What you need to do:
Transcribe exactly the entries from the "Le tirage au" line to the end, both included, minus pictures.

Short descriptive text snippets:
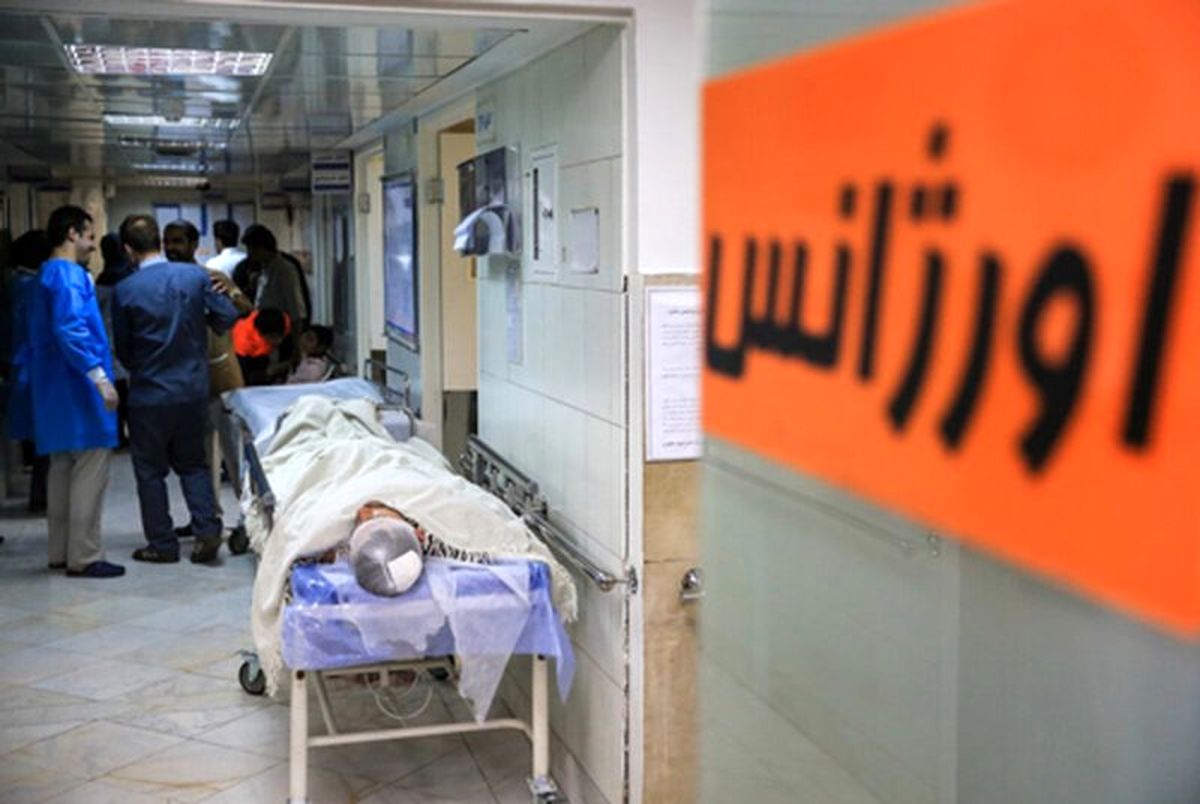مرگ یک خانواده پنج نفره بر اثر گازگرفتگی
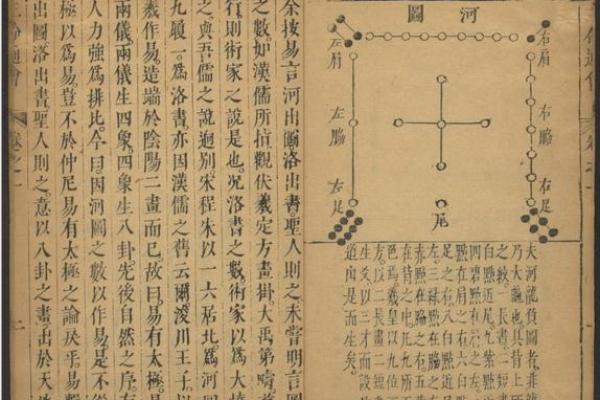 探秘年命纳音：木的奥秘与人生启示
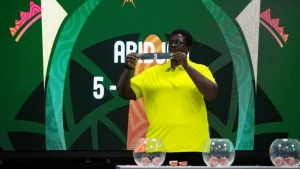 Le tirage au sort de l'Afrobasket féminin U18 2026 a eu lieu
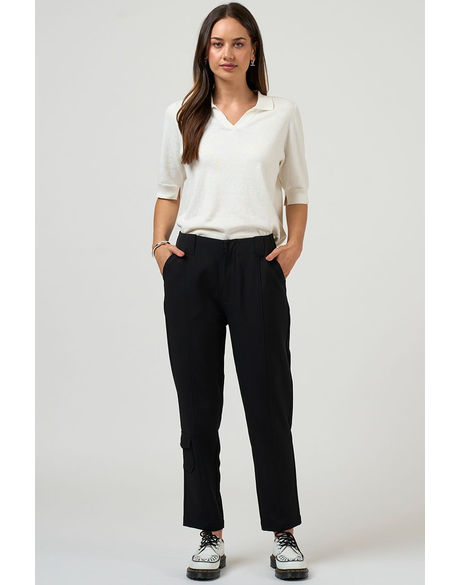 Cavalry Pant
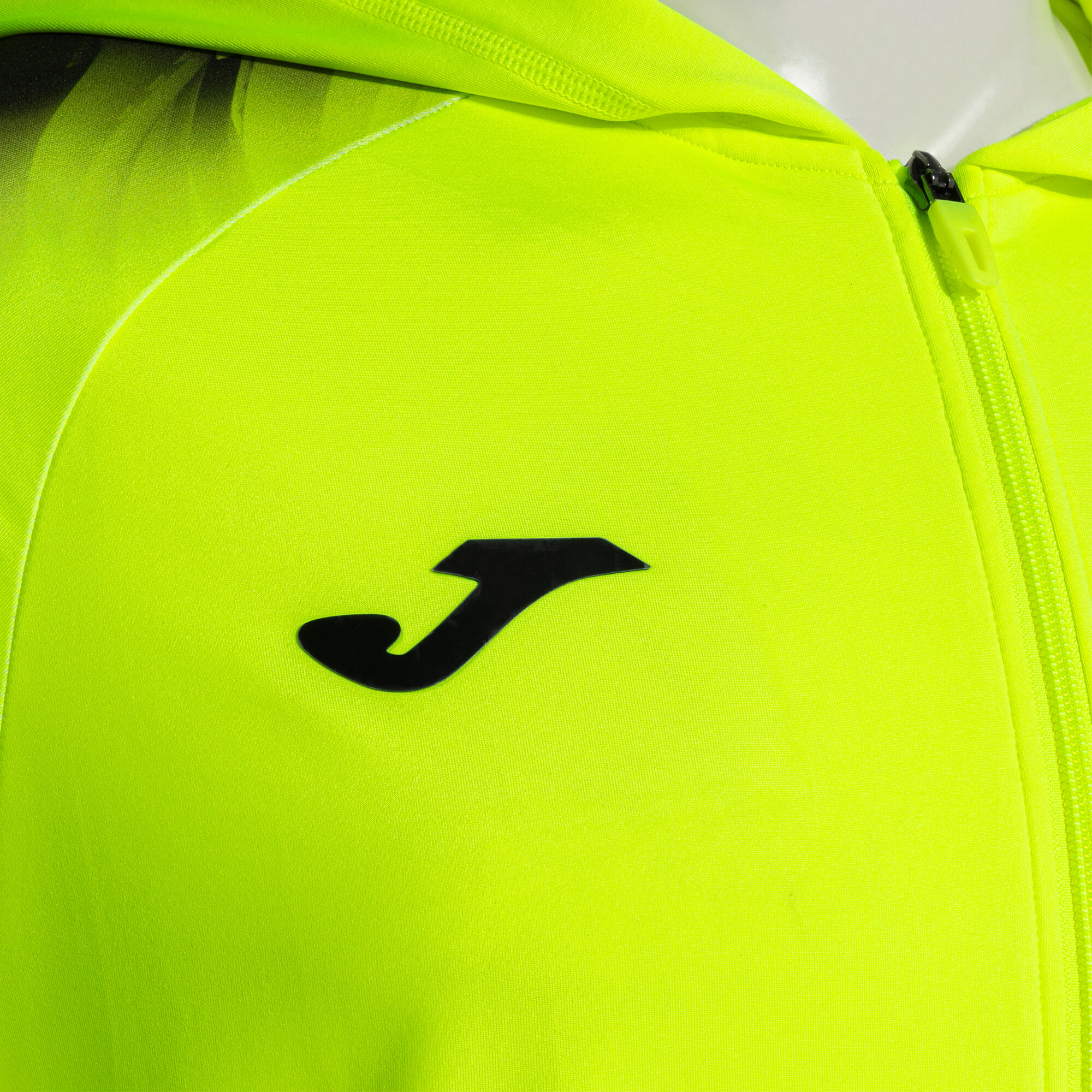 Kinder-Trainingsjacke mit Kapuze Joma Elite XI 3/5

Answer for this exercise:
 Le tirage au sort de l'Afrobasket féminin U18 2026 a eu lieu
 Cavalry Pant
 Kinder-Trainingsjacke mit Kapuze Joma Elite XI 3/5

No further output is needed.